Soru

Masumlara Bela ve Musibet Gelmesi

Mademki bela ve musibetler hataların neticesi ve günahlara kefarettir. Neden musibet geldiği zaman sadece hata işleyen günahkar  insanlar değil de günahsız ve masum insanlarda zarar görür.?

Tarih: 26.01.2020 09:25:24
Okunma: 1947

Cevap

Evvela bilinmelidir ki Bir musibette depremde kazada vb. musibetlerde sadece kötü insanlar zarar görse masum ve günahsız zarar görmese idi imtihan sırrı bozulurdu. Hâlbuki dinde zorlama yoktur. İnsan bu dünyada iradesinde hürdür. Herkes kendi özgür iradesi ile kabul veya red edecek ki, sorumlu olsun. Yani musibetlerde bu ayrım yapılmış olsa idi Hz. Ebubekir gibi elmas ruhlu insanlarla Ebu Cehil gibi alçak ruhlar bribirinden ayrılmamış olurdu. Herkes iyilik yapmaya ve günahlardan kaçmaya mecbur olurdu. Yani sadece hata işleyen insanlara musibet gelse idi o insan bir tarz zorlama ile hata işlememeye yönlendirilecekti. 

Ayrıca bu mesele kadere taalluk eden ve kâinatın Rabbi ve Halıkı olan Cenab-ı Hakk’ın bir kanunudur. Kur’an-ı Kerimde Rabbimiz şöyle buyurmaktadır; “Bir de öyle bir fitneden sakının ki o, içinizden sadece zulmedenlere erişmekle kalmaz (umuma sirayet ve hepsini perişan eder). Biliniz ki, Allah'ın azabı şiddetlidir.”(Enfal, 8/25)

Fakat şunu da iyi bilmek gerekir ki, musibetlerle günahsız insanların zarar görmesi onlar için bir kayıp ve haksızlık değildir. Bilakis malları sadaka canları şehadet mertebesine çıktığından bu durumun onlar için hayır ve güzellik olduğu da unutulmamalıdır. Yani bu onlar için hem bir temizlenme ham de bir nevi manevi makamları kazanmadır. Dünyada malını veya canını verip ahiretini kurtaran zarar ve zulüm görmemiş olur. Bu onun için daha büyük bir lütuftur. Zira bu dünya geçicidir ve dünya malı fanidir. Fani olan bu mal musibetle elinden çıksa sabretmek ve şükür etmek şartıyla ümit edilir ki; o mal ahirette kendisine baki bir surette tekrardan verilir. Eğer bedenine bir zarar gelse o beden ahirette kendisine en güzel surette tekrardan verilir.

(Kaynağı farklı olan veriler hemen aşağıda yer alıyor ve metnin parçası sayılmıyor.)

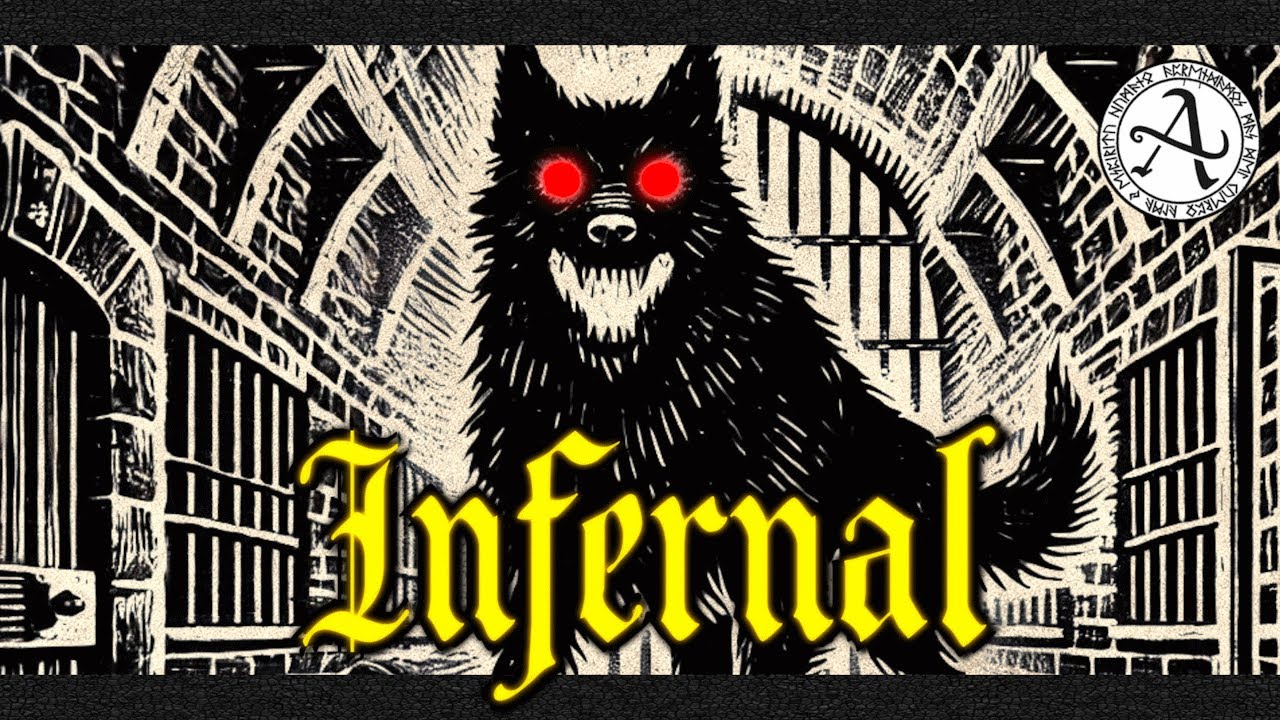 💀El misterio del Black Dog / Hellhound | Leyenda europea, inglesa | 𝒟𝒶𝓂𝓃𝒶𝓉𝓸𝓇𝓊𝓂💀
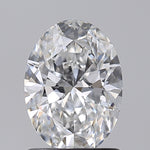 IGI 1.02 Carat Oval Lab Grown Diamond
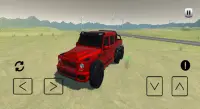 6x6 Monster Offroad G63 AMG Modern Truck Game 2020 Screen Shot 3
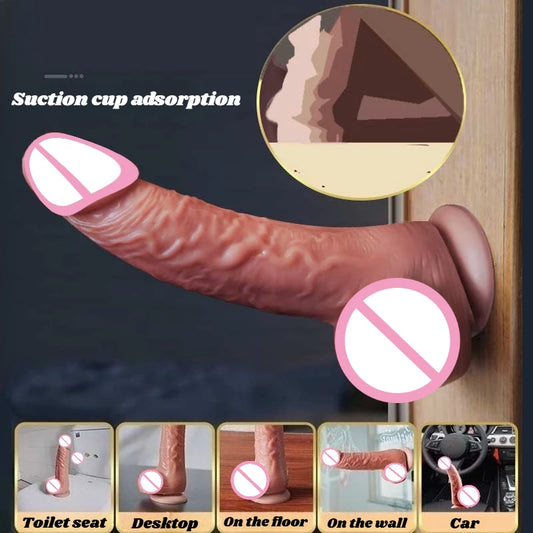 Jouets sexuels pour adultes Gode réaliste anal Consolateur Vagin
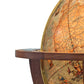 Globe lumineux Columbus Magnum Imperial, vintage, D 100 cm, H 140 cm, chaises en bois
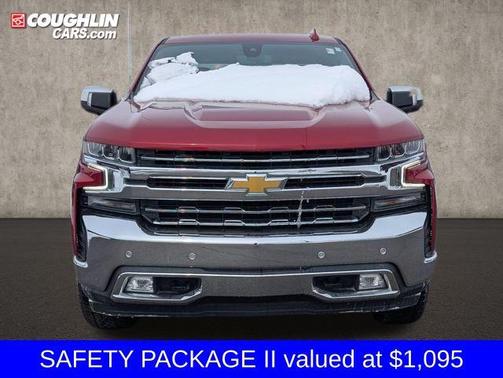 2022 Chevrolet Silverado 1500 LTZ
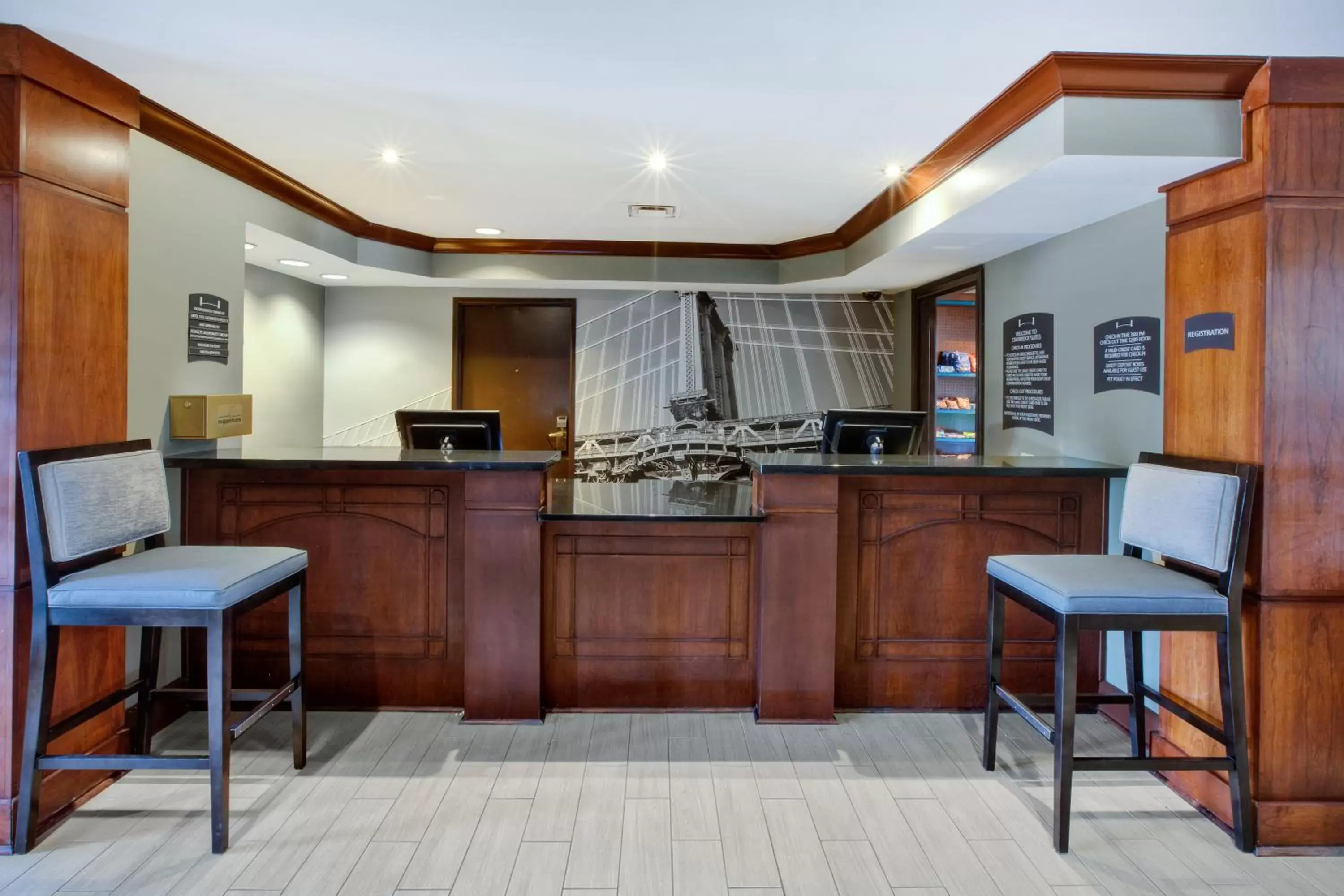 Property building, Lobby/Reception in Staybridge Suites Louisville - East, an IHG Hotel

Hem bu insanlar musibet sebebiyle daha da çok duaya, ibadete ve acizliği anlamaya yönelir. Dünyanın faniliğini ve ahireti düşünmeye başlar. Duaya ve ilticaya sarılır. Bu da yine onlar için büyük bir hayır olur. Her türlü zarar değil kazanmış olurlar.